News junkies … and informed newsroom managers right across North America … will know Cameron Bell: as News Director at BCTV, Bell .. along with Assignment Editor Keith Bradbury … took the Newshour from Number Three spot in Vancouver’s local television news ratings in the 1960s to the Number One rated local news program, in terms of market share, not just in Vancouver or B.C., but by the 1980s throughout North America!
They broke new ground and set new ratings records by emphasizing … not just a competent photogenic anchor … but most of all top quality pictures and top quality stories, told by top quality reporters and top quality story tellers.
It cost a fortune; it was a difficult challenge … raising the jourmalistic bar so high .. but it worked … and the viewers responded with top ratings numbers and top advertising revenues!
I am so humbled that Bell took the time to respond in great detail to my recent musings about the state of the news in Vancouver, I will post his ENTIRE analysis here (with his permission) … worthy thoughts for those who care: and it no doubt applies in just about every local newsroom across the continent. Read it … and weep!
From Cameron Bell:
The first concerns the quality and originality of efforts that are being made by the people still employed and with the resources still available in the ‘major’ newsrooms.
Last week, for example, The Province produced an amusing piece by Damian Inwood on the new warmup suits for Canadian Olympic athletes. He wore one in public, solicited and reported the feedback. It was a good piece.
(To me, the suits looked like great camouflage for a stealthy assault on lawn flamingos)
But, I wonder why those stations chose to prove they can read a newspaper, rather than choosing to use the reporter/camera/editor resources on an original story? They didn’t even try to advance silly suit story in any of the several ways they could have explored.
They just copied. Duh!
My second question is why any self-respecting reporter would accept an assignment to follow and match the Province?
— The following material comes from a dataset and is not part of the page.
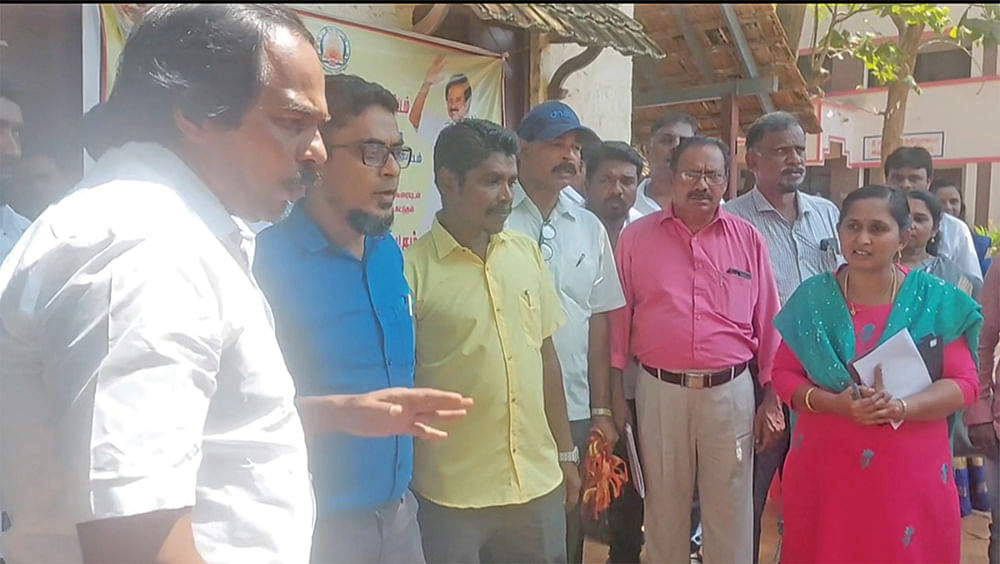 ‘‘வாத்தியார்மாருங்க லட்சணம் எனக்குத் தெரியும்...’’ கோபத்தில் ‘கொட்டிய’ அமைச்சர்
Could it be that those reporters at the beginning of that day were unable to present their Assignment desks with the raw material for any original pieces? My experience over 20+ years on the inside was that the most exciting thing that could happen in the morning was to receive a call from a staffer with a quality lead on a really good story, an original story. It was one of the rarer events, too.
The repeaters are able to provide a passable version of any story that has been pre-owned (to borrow a phrase from the pre-owned auto world)
reporter repeater ask, enroute, ‘what’s the story?’
If I had a major investment in a television/radio/newspaper operation these days, I’d be very concerned about the willingness on the front line to produce programs that lack any appreciably unique reason to view or read. In the long run, they can’t attract audiences with a promise of news that is available a day earlier, in a newspaper (and website)
(In the even longer run, the conglomerate will devour its own outlets – as the audience realizes that you don’t need newspapers and television to tell you the same story twice.)
There is, indeed, an opportunity for synergy between related newspapers and television news rooms. It is not, however, through supporting managers and front line workers who cannot demand, identify or produce original stories.